The perimeter of a square is equal to four times the length of one side. If the side length of a square is 1 centimeter, then the perimeter of the square is 4 centimeters. We can use this information to write an equation in point-slope form to describe the relationship between the side length of a square and its perimeter.
Point-slope form is a way of writing the equation of a line when we know the slope of the line and the coordinates of a point on the line. In this case, the slope of the line is 4, since the perimeter of a square is four times the length of one side. The coordinates of a point on the line are (1, 4), since the side length of a square is 1 centimeter and the perimeter of the square is 4 centimeters.
We can use this information to write the equation of the line in point-slope form. The equation of a line in point-slope form is given by the following equation:
y - y1 = m(x - x1)
where y is the y-coordinate of a point on the line, y1 is the y-coordinate of a known point on the line, m is the slope of the line, and x is the x-coordinate of a point on the line.

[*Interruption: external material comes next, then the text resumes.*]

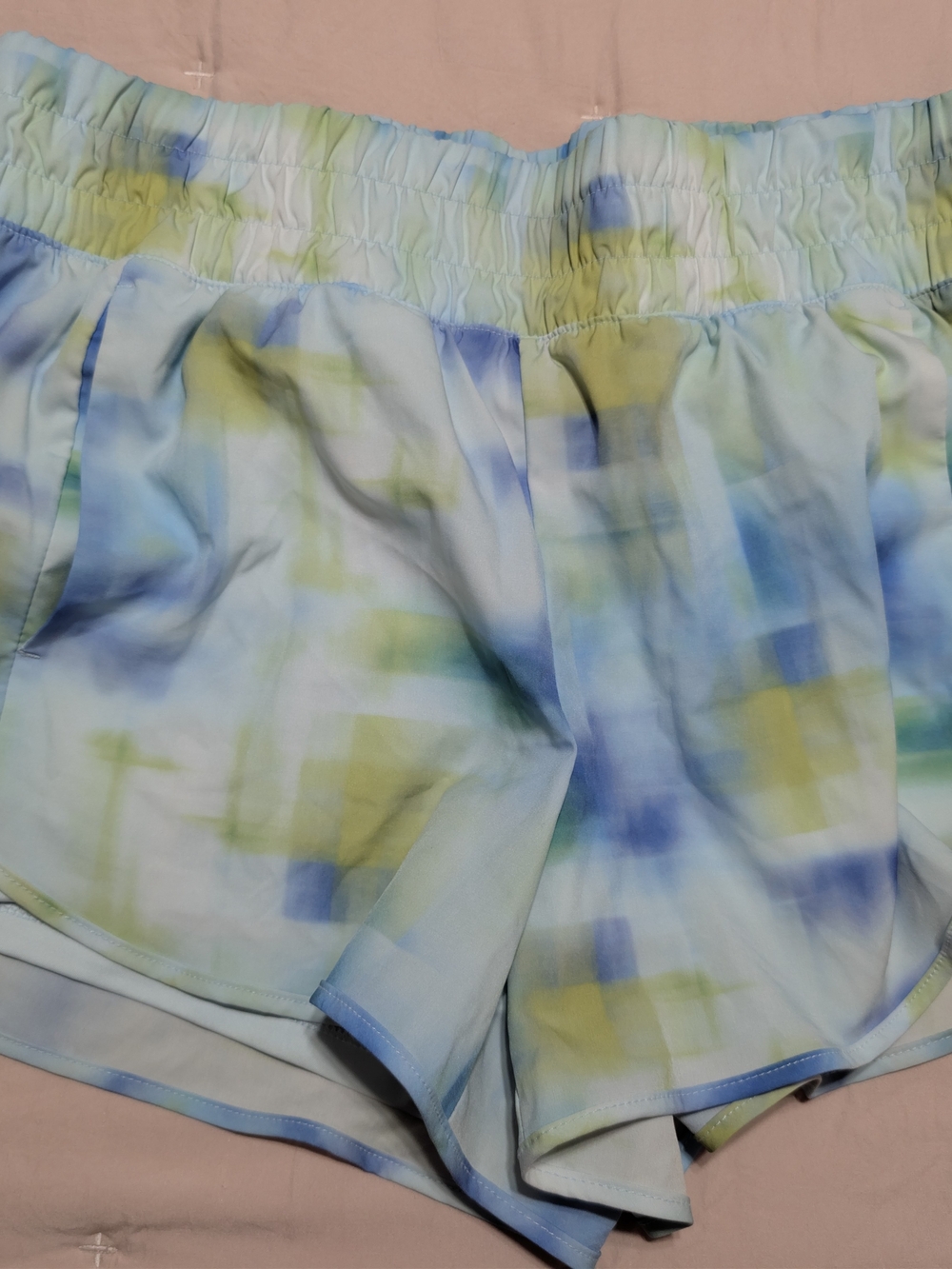 Avia Women's Watercolor-Print Athletic Shorts in Blue, Green & White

In this case, we can substitute the values we know into the equation above to get:
y - 4 = 4(x - 1)
This simplifies to:
y = 4x + 0
Therefore, the equation in point-slope form that describes the relationship between the side length x of a square and its perimeter y is y = 4x + 0.
This equation tells us that for any square, the perimeter is four times the side length plus zero. For example, if the side length of a square is 5 centimeters, then the perimeter is 4 x 5 + 0 = 20 centimeters. If the side length of a square is 10 centimeters, then the perimeter is 4 x 10 + 0 = 40 centimeters.
In summary, the perimeter y of a square with side length x can be described by the equation y = 4x + 0.